Discussion. Where are We?
This case has been proclaimed as a great step forward for the mediation world (notably by the CMC which along with CEDR and CiArb intervened in the case. The CMC website entry under News and Events “Joint Intervention Success” refers). But it seems to me the response needs to be tempered with caution for the following reasons:-
- As above, the issue in the case was not a stay of proceedings for mediation to take place but for the CBC’s complaints procedure to be utilised.
- There is nothing automatic about the courts making such an order. The potentially multiple criteria for exercising the power indicate that there can be no certainty such an order would be made. Requiring the undertaking of the local authority’s complaints system would be unlikely to meet the needs of a claim based on housing disrepair requiring urgent action, for example.
- The increased application of the principle to consider mediation (as the Court of Appeal certainly intended it should) is likely to lead to additional criteria emerging- e.g., it can be anticipated the court would want to be satisfied that suitably qualified/properly regulated mediators were available.
It may well be that with this judgment the Courts have gone as far as they can go. They have found that the courts have the power to order parties to go to mediation, and indicated criteria by which that power may be exercised. It is observed that sanctions for non-compliance with similar orders have already produced much case law.

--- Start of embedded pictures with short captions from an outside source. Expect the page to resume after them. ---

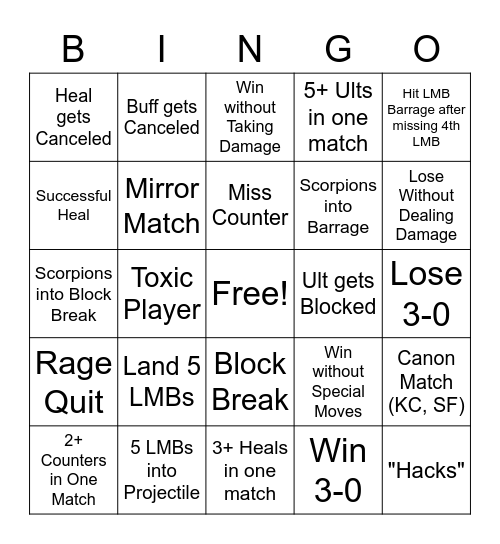 n the jojo game G.E.R Board Bingo Card
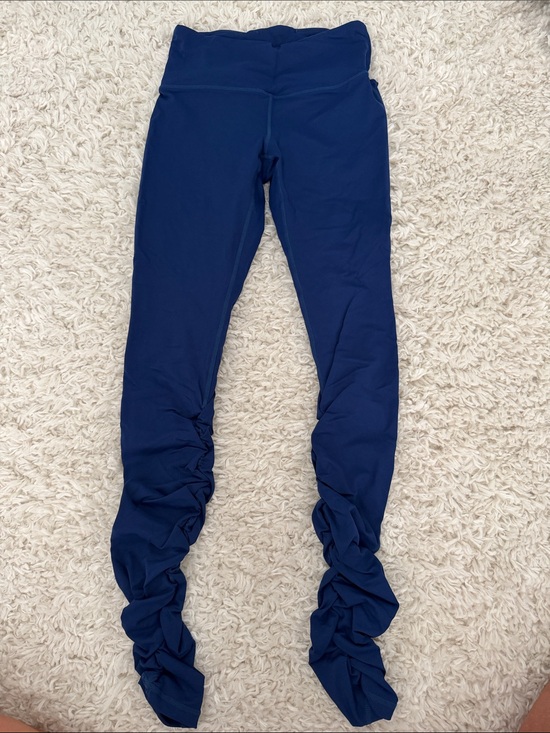 Yogipace Pants - High-Waist Navy Ruched Leggings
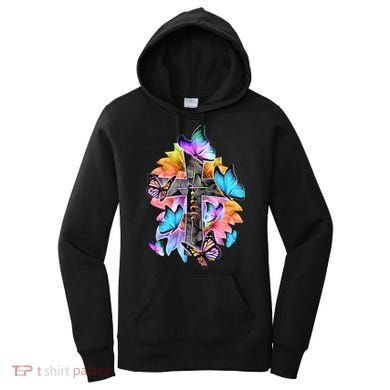 Faith Cross Butterfly With Flowers Women's Hoodie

Further developments may well have to come from Government. Steps have already been taken in that direction. Examples are the MOJ paper “Increasing the Use of Mediation in the Civil Justice System“ (25/7/23) concerning small claims cases, on which my fellow mediator, Margaret Doyle provided her insight and the Possession Claims Mediation Pilot (my Blog 21/3/23 refers). Only by these means could a whole class of cases be referred to mediation – although the type of mediation proposed so far would not be recognised by many practitioners.